16 KiB
title, library_name, pypi_package, category, python_compatibility, last_updated, official_docs, official_repository, maintenance_status
| title | library_name | pypi_package | category | python_compatibility | last_updated | official_docs | official_repository | maintenance_status |
|---|---|---|---|---|---|---|---|---|
| Blinker: Fast Signal/Event Dispatching System | blinker | blinker | event-system | 3.8+ | 2025-11-02 | https://blinker.readthedocs.io | https://github.com/pallets-eco/blinker | active |
Blinker: Fast Signal/Event Dispatching System
Official Information
Repository: https://github.com/pallets-eco/blinker PyPI Package: blinker Current Version: 1.9.0 (Released 2024-11-08) Official Documentation: https://blinker.readthedocs.io/ License: MIT License Maintenance Status: Active (Pallets Community Ecosystem)
@source https://github.com/pallets-eco/blinker @source https://blinker.readthedocs.io/ @source https://pypi.org/project/blinker/
Core Purpose
Blinker provides a fast dispatching system that allows any number of interested parties to subscribe to events or "signals". It implements the Observer pattern with a clean, Pythonic API.
Problem Space
Without blinker, you would need to manually implement:
- Global event registries for decoupled components
- Weak reference management for automatic cleanup
- Thread-safe event dispatching
- Sender-specific event filtering
- Return value collection from multiple handlers
When to Use Blinker
Use blinker when:
- Building plugin systems that need event hooks
- Implementing application lifecycle hooks (like Flask)
- Creating decoupled components that communicate via events
- Building event-driven architectures within a single process
- Need multiple independent handlers for the same event
- Want automatic cleanup via weak references
What you would be "reinventing the wheel" without it:
- Observer/subscriber pattern implementation
- Named signal registries for plugin communication
- Weak reference management for receivers
- Thread-safe signal dispatching
- Sender filtering and context passing
Python Version Compatibility
Minimum Python Version: 3.9+ Python 3.11: Fully compatible Python 3.12: Fully compatible Python 3.13: Fully compatible Python 3.14: Expected to be compatible
@source https://blinker.readthedocs.io/en/stable/
Thread Safety
Blinker signals are thread-safe.
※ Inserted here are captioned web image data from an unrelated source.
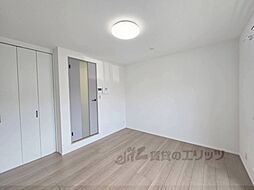 ビエノス京都花園 305 3階1Kのリビング/ダイニング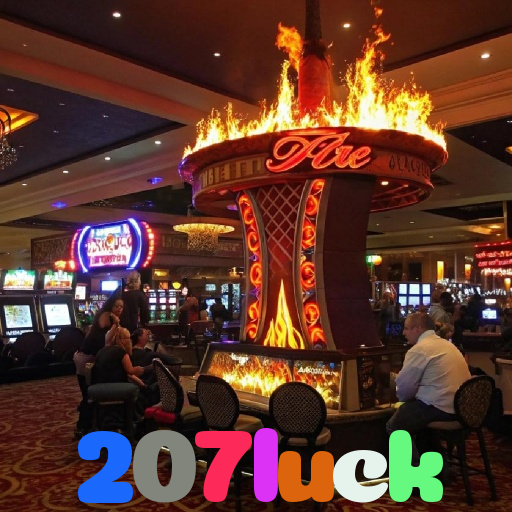 207luck - Baixe o App 207luck para Android e Comece a Jogar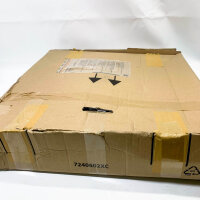 Mavic E-Speedcity 700 Hinterrad, Disc, Center Lock, Steckachse 12x142 mm, robust, ideal für E-Bikes.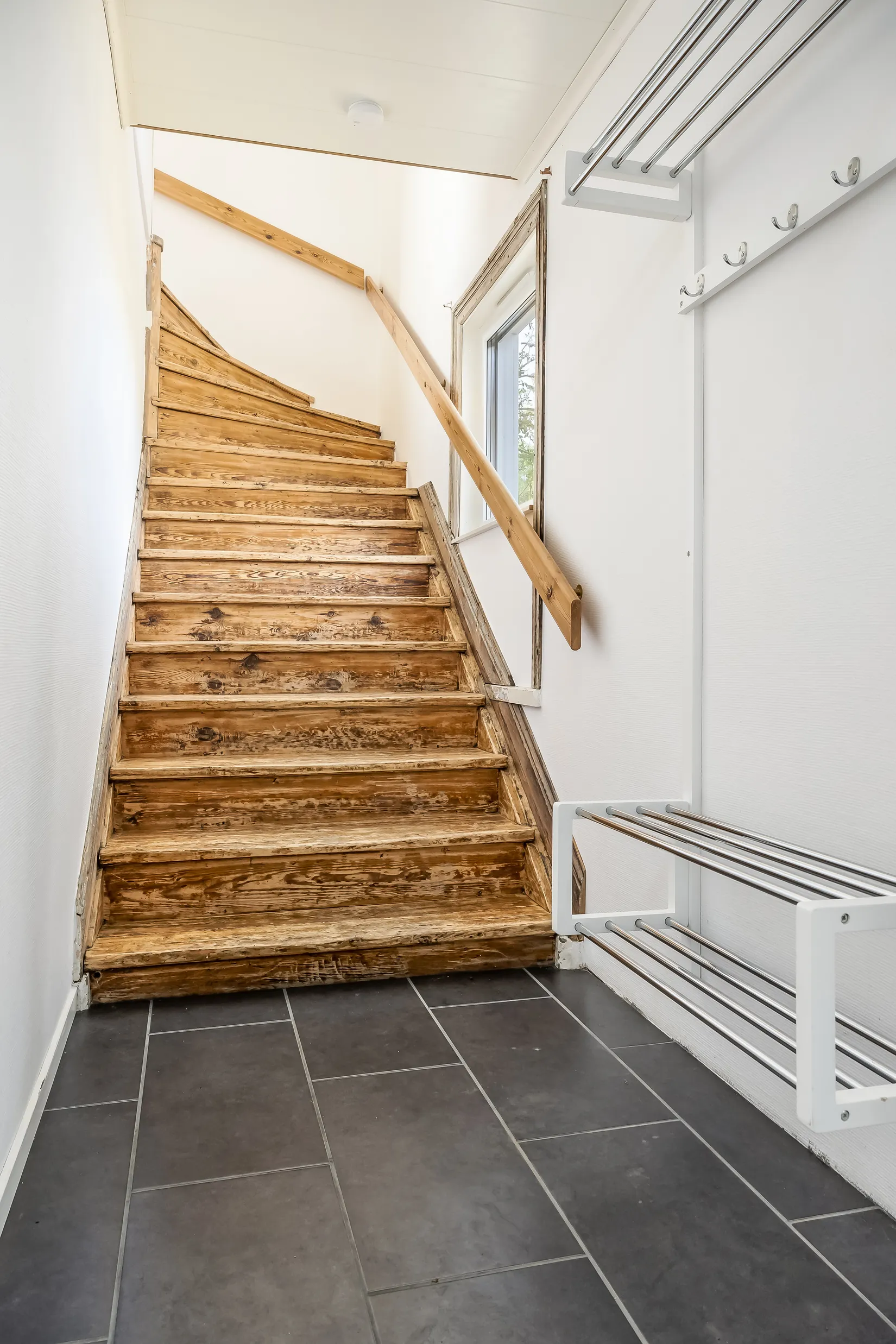 Villa, Bygatan 3, Finspång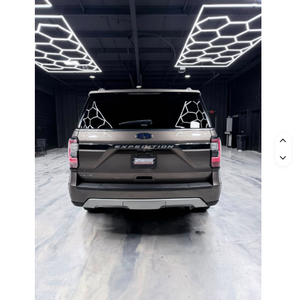 Expedition Limited 2018 en excellent état, titre propre - Product Image 6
The library uses weak references for automatic cleanup and properly handles concurrent signal emission and subscription.
Integration Patterns
Flask Ecosystem Integration
Flask uses blinker as its signal system foundation. Flask provides built-in signals like:
request_started- Before request processing beginsrequest_finished- After response is constructedtemplate_rendered- When template is renderedrequest_tearing_down- During request teardown
@source https://flask.palletsprojects.com/en/latest/signals/
Example Flask Signal Usage:
from flask import template_rendered
def log_template_renders(sender, template, context, **extra):
sender.logger.info(
f"Rendered {template.name} with context {context}"
)
template_rendered.connect(log_template_renders, app)
Event-Driven Architecture
Blinker excels at creating loosely coupled components:
from blinker import Namespace
# Create isolated namespace for your application
app_signals = Namespace()
# Define signals
user_logged_in = app_signals.signal('user-logged-in')
data_updated = app_signals.signal('data-updated')
# Multiple handlers can subscribe
@user_logged_in.connect
def update_last_login(sender, **kwargs):
user_id = kwargs.get('user_id')
# Update database
@user_logged_in.connect
def send_login_notification(sender, **kwargs):
# Send email notification
pass
# Emit signal
user_logged_in.send(app, user_id=123, ip_address='192.168.1.1')
Plugin Systems
from blinker import signal
# Core application defines hook points
plugin_loaded = signal('plugin-loaded')
before_process = signal('before-process')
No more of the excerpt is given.